When a point is shot, you are doing it for a specific purpose. That eventual use dictates the collection method employed. GPS is an accurate tool but that changes with conditions and collection settings. A topo point will take a second. When you are shooting top of pipe for as-builts a longer occupation is better for improved accuracy. GPS increases vertical accuracy with a longer occupation of a point. The x, y coordinates will not shift much with increased time.
When you first initialize a site, the time you cook on control points can be as long as three minutes to get a good result. That time would be a waste if you did that for all your as-builts. Know when less can be as effective for the work at hand. I have seen field people not take enough time to get a point collected correctly. Don’t use topo collection for critical locations that are going to be covered up and accessed in the future. That information will eventually end up on a GIS database somewhere and others will use it for planning and excavation. We are making a long-term investment in getting a workable map of our work to make things easier in the future.
I can’t take the high road here. I start as-built collection with correct P Codes (Point Codes) and somewhere along the line I forget to change the code and my great field to finish idea is gone.
- Establish a company standard for point naming. This should be done for layout as well as collection.
- Try to set codes in the field as you collect. If you mess it up, don’t abandon the idea, just get it right again and fix in the office.

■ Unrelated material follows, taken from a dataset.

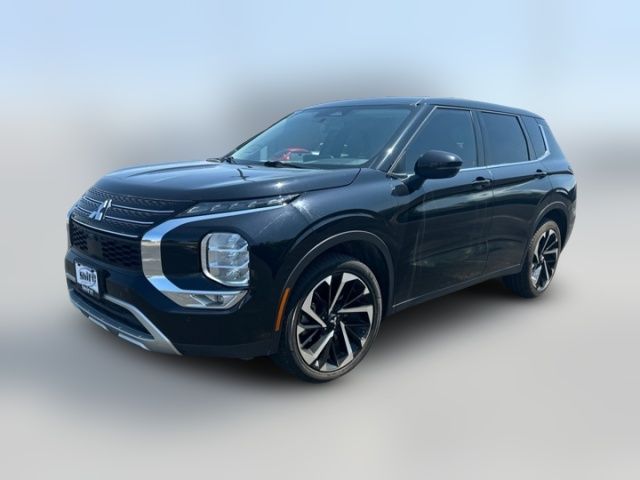 2023 Mitsubishi Outlander 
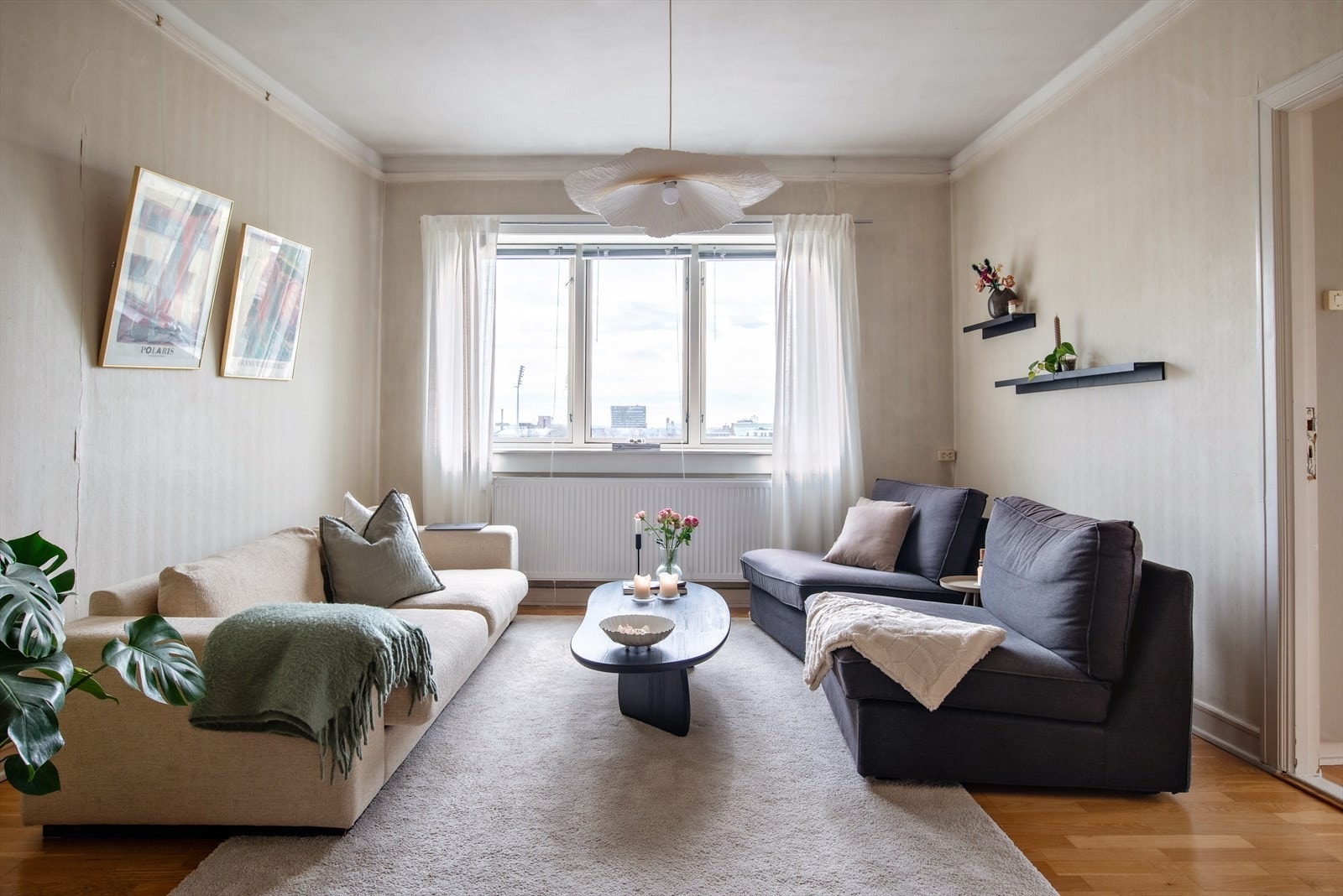 Stuen oppleves lys og luftig med takhøyde på ca. 2,73m Galleribilde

- Collect more points than you need and more points of random areas. They will help tell the story when in the office.
- Set up field to finish codes with company standard point naming. This is fluid and will change/improve over time.
Yes, points are part of a surface, but using them to locate and collection later is something you need to do and get good at. I will address field to finish solutions in the future. For the time being, get set up with a smooth transfer of point information to and from the field.